South Africa has discovered a potential variant of interest (VOI) of Covid-19 that is assigned to the PANGO lineage C.1.2.
C.1.2 was first identified in May 2021 during the third wave of Covid in the country, said researchers from the country’s National Institute for Communicable Diseases (NICD) and the KwaZulu-Natal Research Innovation and Sequencing Platform.
It has since been detected across the majority of the provinces in South Africa and in seven other countries spanning Africa, Europe, Asia and Oceania, the researchers reported in the study that is yet to be peer-reviewed and is posted on pre-print server medRxiv.
The variant has evolved from C.1, one of the lineages that dominated the first wave of SARS-CoV-2 infections in South Africa and was last detected in January 2021.
C.1.2 is “associated with increased transmissibility and reduced neutralisation sensitivity,” the team stated.
Compared to C.1, the new variant has “mutated substantially” and is more mutations away from the original virus detected in Wuhan than any other Variant of Concern (VOC) or VOI detected so far worldwide.
According to the study, C.1.2 has 41.8 mutations per year.
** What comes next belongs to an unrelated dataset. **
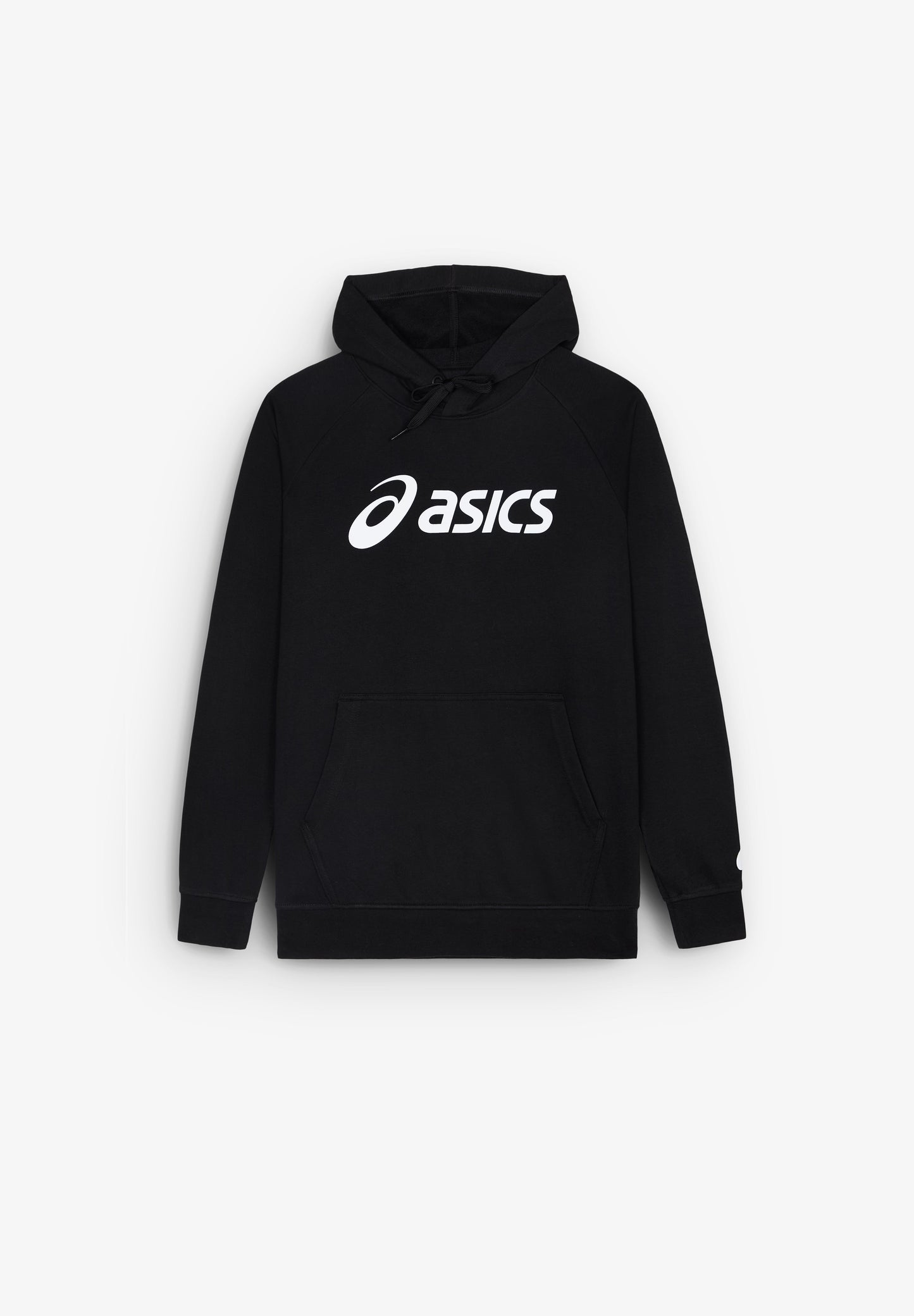 ASICS | SWEATSHIRT BIG LOGÓTIPO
It is approximately 1.7-fold faster than the current global rate and 1.8-fold faster than the initial estimate of SARS-CoV-2 evolution.
A similar short period of increased evolution was also associated with the emergence of the Alpha, Beta, and Gamma VOCs, said the researchers, suggesting that a single event, followed by the amplification of cases, drove a faster mutation rate.
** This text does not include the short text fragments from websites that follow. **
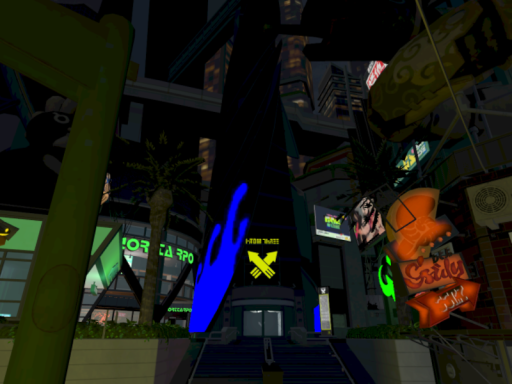 Splatsville Splatoweenǃǃǃ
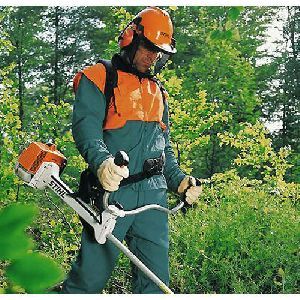 FS 410 STIHL Petrol Brush Cutter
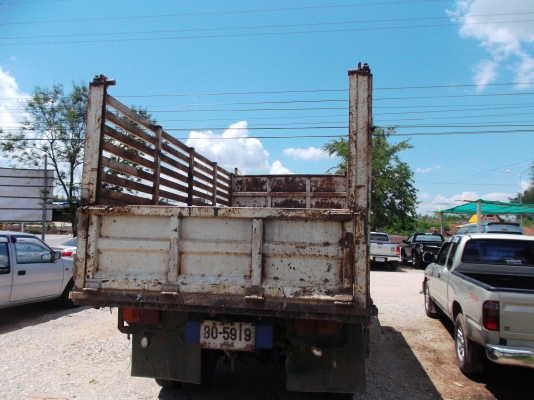 ขายด่วนรถ6ล้อเกษตรKM777เครืองWO4D117แรงม้า ขายด่วนรถ6ล้อเกษตรKM777เครืองWO4D117แรงม้า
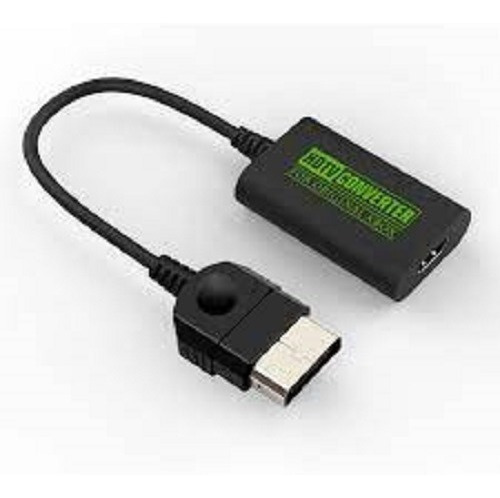 Adaptador De Video Para Consola De Xbox 1st Generación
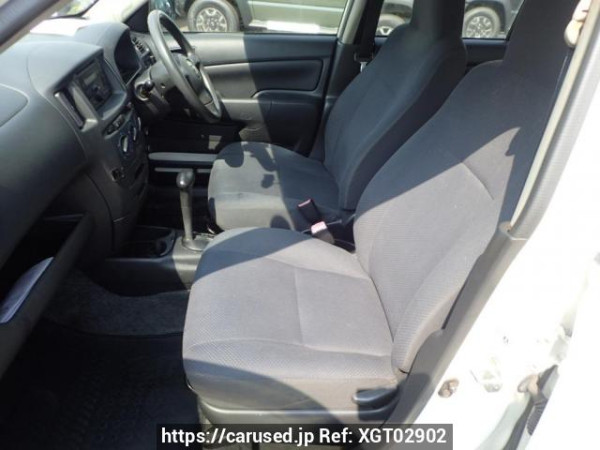 Used 2012 AT toyota probox-wagon NCP58G Image[10]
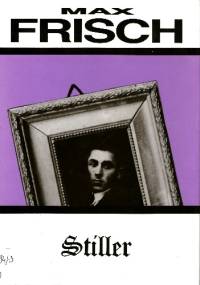 Stiller cz.2 - Max Frisch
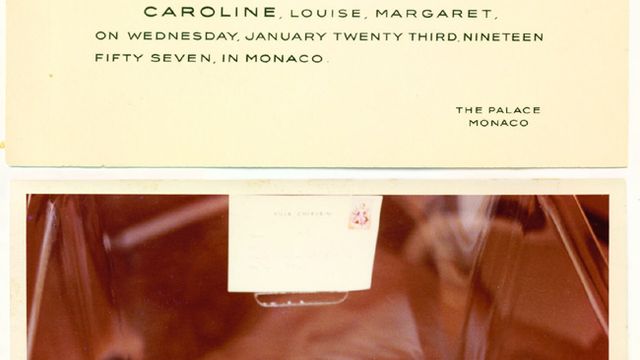 Petite Caroline (Merci Marie-Françoise)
Further, the study also found consistent increases in the number of C.1.2 genomes in South Africa on a monthly basis, rising from 0.2 per cent in May to 1.6 per cent in June and 2.0 per cent in July. The researchers stated that it is similar to the increases seen in Beta and Delta in South Africa during early detection.
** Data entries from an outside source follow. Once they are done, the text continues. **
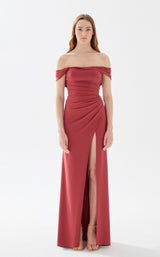 Tarik Ediz 52121 Earth-Red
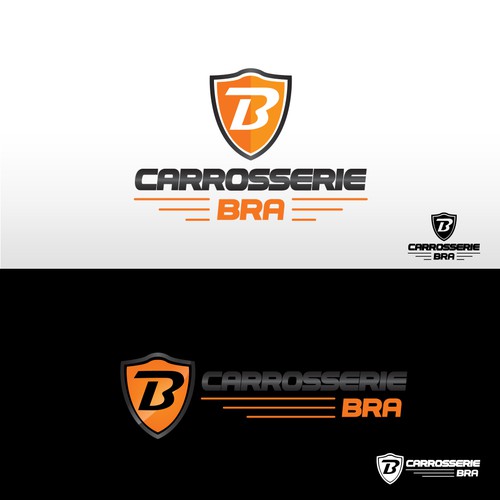 Créer Un Logo Pour Carrosserie Concours Création De Logo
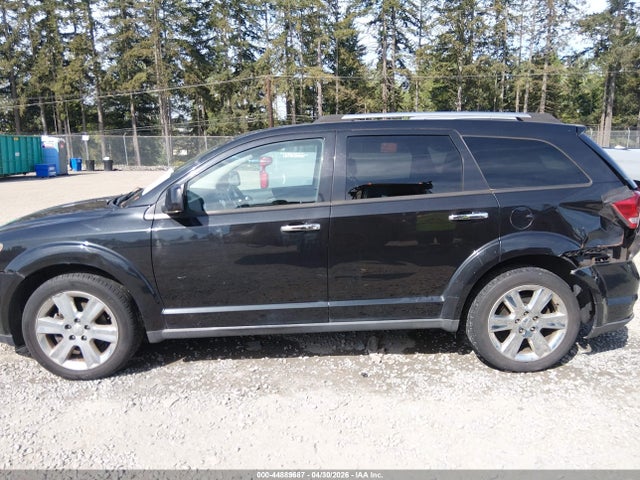 Продажа на аукционе авто 2013 Dodge Journey Crew, vin: 3C4PDDDG3DT641606, номер лота: 44889687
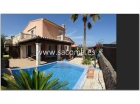 Mallorca, Cala Anguila - Cala Mendia, Chalet con piscina - mejor precio | unprecio.es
As of August 20, 2021, 80 sequences that match the C.1.2 lineage have been listed on the open-access database GISAID (Global Initiative on Sharing Avian Influenza Data).
More study is needed “to determine the functional impact of these mutations, which likely include neutralising antibody escape, and to investigate whether it confers advantage over the Delta variant,” Scheepers, one of the team members said.